Biografia

Essere Sara Zamperlin significa nascere in una frazione di Legnago, chiamata Porto, al di là dell’Adige. O al di qua, dipende dai punti di vista. Significa essere figlia di due amanti dell’arte: mio padre carpentiere, sempre indaffarato a manipolare qualche oggetto con le mani; mia madre divoratrice di libri. Entrambi pronti a cogliere la mia propensione al disegno. Tanto da riuscire a iscrivermi in un corso per soli adulti della signora Nelda. Avevo 7 anni. Allora ho capito che da grande avrei fatto la pittrice.
Essere Sara Zamperlin significa camminare con convinzione verso una meta ben precisa. Spinta dal sogno, mi sono iscritta prima all’Istituto d’Arte Applicata, per poi proseguire gli studi fino a ottenere la qualifica di tecnico della conservazione, manutenzione e restauro dei beni artistici. Ho pensato – e credo ancora di avere fatto la scelta giusta – che accompagnare la pittura al restauro, o meglio, il restauro alla pittura, potesse essere una soluzione complementare che rispecchiava, puntuale, la mia volontà. Quella cioè di mantenere un continuo contatto con gli artisti del passato e, al contempo, di sperimentare nel disegno, alla ricerca di una mia forma artistica. Di un mio stile, che poi di fatto è emerso.
Mentre aprivo il mio laboratorio di restauro e pittura, la mia ricerca mi ha condotto alle persone, alla loro anima, quella che solo l’arte può rivelare. L’incontro con loro è diventato il principio della mia opera. A livello artistico avevo trovato quel connubio che mi caratterizza, tra il soggetto del ritratto, assolutamente reale, e il ricorso a una tecnica pittorica che attraverso il ricorso alle colature permette di eliminare la definizione dei contorni e a risaltare l’imperfezione. Una imperfezione che appunto rivela l’essere umano, umanamente imperfetto.

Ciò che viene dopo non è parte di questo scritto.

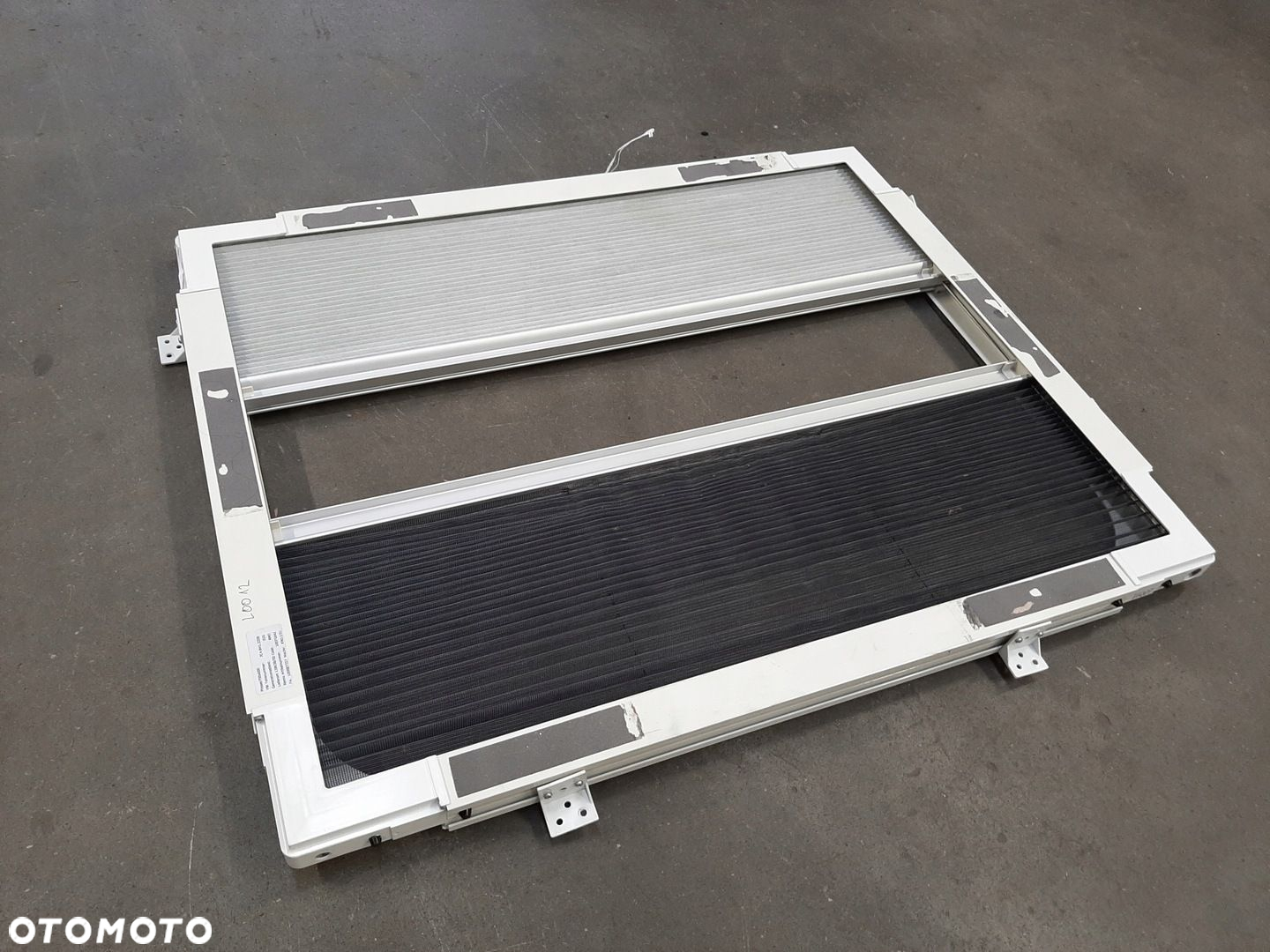 VW CRAFTER II GRAND CALIFORNIA KAMPER 700x600 OKNO ROLETA 7C4845320B - 2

La tecnica mi ha aiutato nella realizzazione e nella definizione di questa tipologia di opera: acidare le foto, così come ricorrere alle colature nella pittura permette di eliminare la definizione dei contorni. Il soggetto diventa un tutt’uno con lo sfondo, quasi avvolto in un abbraccio.
Il tempo a contatto con le persone è quindi fondamentale per la realizzazione della mia opera d’arte. Sono convinta che ogni persona possieda nella propria unicità tratti distintivi che appaiono come vere e proprie impronte digitali: ciò che esiste di più bello non alberga nell’esteriorità delle cose, ma nel coraggio di saperle vivere nel profondo.
Cerco di restituire la bellezza e l’unicità agli elementi, siano essi persone o più semplicemente oggetti quotidiani. E per farlo ci vuole, prima di ogni cosa, il tempo.